The judge had to decide whether there was a case to answer and ruled that the case against Richard Dawkins, Amazon and RDFRS should not continue because they were not liable for the words. The case against Vaughan Jones may be struck out, subject to agreement with the claimant of an injunction against repeating some of the words in his review. The claimant has to pay 60% of Professor Dawkins’, the Foundation’s and Amazon’s costs, with an interim payment of £75,000 in 3 months.
An internet posting read by about 200 people which alleged that an author was a “creationist” has resulted in High Court litigation. Pre-trial proceedings have taken around 18 months. Costs have been astronomical.
Simon Singh, science writer and defendant in British Chiropractic Association v Singh: “The pressure, both emotional and financial, faced by all the defendants in this case has been extraordinary and unreasonable. It is easy to see why many back down when faced with a libel threat, even if they are confident that what they have written is correct and in the public interest. I am glad that these defendants have been courageous enough to take on the immense risks associated with being a libel defendant.”
Tracey Brown, Sense About Science: “There are no winners here.

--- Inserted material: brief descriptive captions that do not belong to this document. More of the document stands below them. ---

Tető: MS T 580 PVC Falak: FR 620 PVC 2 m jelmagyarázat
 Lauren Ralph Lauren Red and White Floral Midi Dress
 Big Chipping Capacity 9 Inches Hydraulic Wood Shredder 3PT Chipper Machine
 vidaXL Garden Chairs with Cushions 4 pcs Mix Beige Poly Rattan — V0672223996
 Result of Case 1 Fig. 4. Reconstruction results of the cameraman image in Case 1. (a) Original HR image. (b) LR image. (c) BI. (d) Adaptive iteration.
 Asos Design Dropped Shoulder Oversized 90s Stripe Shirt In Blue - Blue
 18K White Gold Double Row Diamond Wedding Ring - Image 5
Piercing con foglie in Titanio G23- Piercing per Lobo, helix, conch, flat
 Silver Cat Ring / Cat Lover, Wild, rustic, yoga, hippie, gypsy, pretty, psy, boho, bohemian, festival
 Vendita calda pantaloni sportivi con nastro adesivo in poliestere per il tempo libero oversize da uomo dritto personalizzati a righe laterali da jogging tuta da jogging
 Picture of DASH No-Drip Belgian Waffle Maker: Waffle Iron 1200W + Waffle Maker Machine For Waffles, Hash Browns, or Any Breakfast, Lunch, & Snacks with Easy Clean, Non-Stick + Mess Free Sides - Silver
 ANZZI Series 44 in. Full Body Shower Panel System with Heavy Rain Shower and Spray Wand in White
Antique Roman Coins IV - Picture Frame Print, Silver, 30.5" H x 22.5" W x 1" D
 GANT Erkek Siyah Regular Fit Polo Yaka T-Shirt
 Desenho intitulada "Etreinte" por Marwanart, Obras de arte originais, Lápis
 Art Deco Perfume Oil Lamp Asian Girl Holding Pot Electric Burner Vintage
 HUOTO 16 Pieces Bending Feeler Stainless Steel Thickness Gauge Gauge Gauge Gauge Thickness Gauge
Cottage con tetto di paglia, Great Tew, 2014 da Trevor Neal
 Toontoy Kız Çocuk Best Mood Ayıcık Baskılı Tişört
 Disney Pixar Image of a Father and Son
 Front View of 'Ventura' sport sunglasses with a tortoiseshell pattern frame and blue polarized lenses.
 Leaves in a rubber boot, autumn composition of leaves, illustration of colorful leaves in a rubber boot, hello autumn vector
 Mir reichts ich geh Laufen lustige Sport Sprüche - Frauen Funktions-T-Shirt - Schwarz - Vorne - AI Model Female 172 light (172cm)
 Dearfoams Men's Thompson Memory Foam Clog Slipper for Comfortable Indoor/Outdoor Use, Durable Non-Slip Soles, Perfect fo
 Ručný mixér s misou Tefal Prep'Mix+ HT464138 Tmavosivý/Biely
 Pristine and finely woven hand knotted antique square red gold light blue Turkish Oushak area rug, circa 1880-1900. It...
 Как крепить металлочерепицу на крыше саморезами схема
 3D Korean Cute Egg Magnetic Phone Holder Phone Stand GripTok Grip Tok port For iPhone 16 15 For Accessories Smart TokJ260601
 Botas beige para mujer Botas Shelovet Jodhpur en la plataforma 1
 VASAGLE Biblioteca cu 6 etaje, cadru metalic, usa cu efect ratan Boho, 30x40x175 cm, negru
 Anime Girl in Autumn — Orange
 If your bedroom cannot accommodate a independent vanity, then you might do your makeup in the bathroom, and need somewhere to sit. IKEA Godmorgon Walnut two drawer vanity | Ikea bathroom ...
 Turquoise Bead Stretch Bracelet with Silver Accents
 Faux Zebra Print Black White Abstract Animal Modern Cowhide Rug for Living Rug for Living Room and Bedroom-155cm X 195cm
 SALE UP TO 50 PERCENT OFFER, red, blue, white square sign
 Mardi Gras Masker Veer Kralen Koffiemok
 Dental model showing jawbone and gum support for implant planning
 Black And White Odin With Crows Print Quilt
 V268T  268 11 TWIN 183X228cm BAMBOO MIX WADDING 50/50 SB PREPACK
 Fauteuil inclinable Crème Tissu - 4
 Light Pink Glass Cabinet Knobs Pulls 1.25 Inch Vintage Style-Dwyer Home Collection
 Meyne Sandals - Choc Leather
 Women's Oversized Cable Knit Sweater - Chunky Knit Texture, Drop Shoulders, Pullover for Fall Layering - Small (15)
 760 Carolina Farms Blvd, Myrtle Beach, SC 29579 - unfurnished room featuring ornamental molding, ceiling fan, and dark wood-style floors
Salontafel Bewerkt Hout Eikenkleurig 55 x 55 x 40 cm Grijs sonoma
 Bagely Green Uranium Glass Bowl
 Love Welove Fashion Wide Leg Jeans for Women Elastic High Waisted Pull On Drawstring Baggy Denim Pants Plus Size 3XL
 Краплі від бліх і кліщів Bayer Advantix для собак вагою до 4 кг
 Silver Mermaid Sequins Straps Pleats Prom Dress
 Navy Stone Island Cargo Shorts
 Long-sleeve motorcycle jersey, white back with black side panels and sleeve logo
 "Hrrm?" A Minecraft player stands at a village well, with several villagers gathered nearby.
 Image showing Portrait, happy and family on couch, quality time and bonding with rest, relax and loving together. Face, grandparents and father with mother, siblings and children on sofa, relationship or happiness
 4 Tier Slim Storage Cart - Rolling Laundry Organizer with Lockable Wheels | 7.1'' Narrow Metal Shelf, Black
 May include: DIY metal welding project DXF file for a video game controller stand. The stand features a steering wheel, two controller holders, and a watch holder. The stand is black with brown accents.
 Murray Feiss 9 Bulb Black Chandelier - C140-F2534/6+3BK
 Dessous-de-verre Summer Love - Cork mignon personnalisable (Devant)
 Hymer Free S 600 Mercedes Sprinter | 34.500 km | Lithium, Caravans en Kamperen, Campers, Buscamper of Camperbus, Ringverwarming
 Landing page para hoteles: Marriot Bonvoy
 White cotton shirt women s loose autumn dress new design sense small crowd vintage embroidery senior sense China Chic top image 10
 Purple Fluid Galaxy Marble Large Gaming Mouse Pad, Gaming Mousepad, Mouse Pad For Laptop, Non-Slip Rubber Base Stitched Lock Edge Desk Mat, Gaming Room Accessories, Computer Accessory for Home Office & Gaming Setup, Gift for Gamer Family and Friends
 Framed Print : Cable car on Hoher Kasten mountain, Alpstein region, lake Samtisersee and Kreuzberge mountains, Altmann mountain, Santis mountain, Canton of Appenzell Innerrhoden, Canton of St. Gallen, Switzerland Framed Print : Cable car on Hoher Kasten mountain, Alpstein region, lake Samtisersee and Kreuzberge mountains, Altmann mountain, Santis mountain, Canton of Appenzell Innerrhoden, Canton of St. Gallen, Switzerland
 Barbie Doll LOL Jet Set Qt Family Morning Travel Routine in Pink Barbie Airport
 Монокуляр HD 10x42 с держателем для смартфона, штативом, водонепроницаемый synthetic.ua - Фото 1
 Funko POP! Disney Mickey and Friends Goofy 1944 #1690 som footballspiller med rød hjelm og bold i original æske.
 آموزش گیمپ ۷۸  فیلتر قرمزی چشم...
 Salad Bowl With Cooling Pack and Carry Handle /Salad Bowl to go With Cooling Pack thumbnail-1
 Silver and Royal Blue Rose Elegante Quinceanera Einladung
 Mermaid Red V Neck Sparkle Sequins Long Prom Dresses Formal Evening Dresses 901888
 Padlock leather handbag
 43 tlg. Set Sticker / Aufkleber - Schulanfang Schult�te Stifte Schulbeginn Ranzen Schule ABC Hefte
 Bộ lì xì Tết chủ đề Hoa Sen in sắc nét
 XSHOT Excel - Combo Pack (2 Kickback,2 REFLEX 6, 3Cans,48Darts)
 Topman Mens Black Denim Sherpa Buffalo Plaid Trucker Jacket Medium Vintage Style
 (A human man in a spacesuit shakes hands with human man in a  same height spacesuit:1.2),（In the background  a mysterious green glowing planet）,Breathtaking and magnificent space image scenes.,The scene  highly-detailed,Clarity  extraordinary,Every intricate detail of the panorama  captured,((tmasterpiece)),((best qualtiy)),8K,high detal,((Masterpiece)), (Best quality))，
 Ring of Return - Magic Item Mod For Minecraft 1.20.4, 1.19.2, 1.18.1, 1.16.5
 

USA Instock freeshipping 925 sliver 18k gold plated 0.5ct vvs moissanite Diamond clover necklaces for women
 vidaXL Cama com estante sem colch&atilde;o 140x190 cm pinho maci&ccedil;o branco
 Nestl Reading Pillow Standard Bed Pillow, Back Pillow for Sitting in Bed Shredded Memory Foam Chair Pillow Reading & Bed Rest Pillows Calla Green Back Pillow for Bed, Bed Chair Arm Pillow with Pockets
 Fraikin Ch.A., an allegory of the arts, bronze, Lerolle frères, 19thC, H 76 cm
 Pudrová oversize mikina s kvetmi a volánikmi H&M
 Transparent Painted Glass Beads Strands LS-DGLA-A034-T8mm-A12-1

This case has taken years and cost the courts and everyone concerned a ridiculous amount of money, and nothing has been achieved by it except a chill on what people are prepared to discuss in public. The current laws don’t protect reputation, they serve vanity. The Libel Reform Campaign is arguing that a higher threshold of seriousness and stronger defences, particularly a public interest defence, would end the threat of ruinous, lengthy court proceedings. At the moment, trivial cases are causing a chilling effect that is far from trivial.”
Jonathan Heawood, English PEN, part of the Libel Reform Campaign: “No-one likes a bad book review but these should only be the subject of a libel action in the most exceptional circumstances. Reviews are almost always an expression of opinion, not a statement of fact. And we are all entitled to our opinions.”
Jo Glanville, Index on Censorship, part of the Libel Reform Campaign: “This case demonstrates the urgent need for libel reform and for legislation that addresses the impact of the digital revolution, protecting ISPs, websites and search engines from groundless threats. Libel reform that would oblige claimants to approach authors of material first would mean Richard Dawkins, Amazon.co.uk and the Richard Dawkins Foundation for Reason and Science would never have been drawn into this case.”
Dr Evan Harris, Policy Advisor to the Libel Reform Campaign: “This is exactly the sort of case that should never even have got off the ground. We need the planned reform of libel laws to include a new, higher hurdle before cases can proceed so that trivial and vexatious claims like this get thrown out at the start.”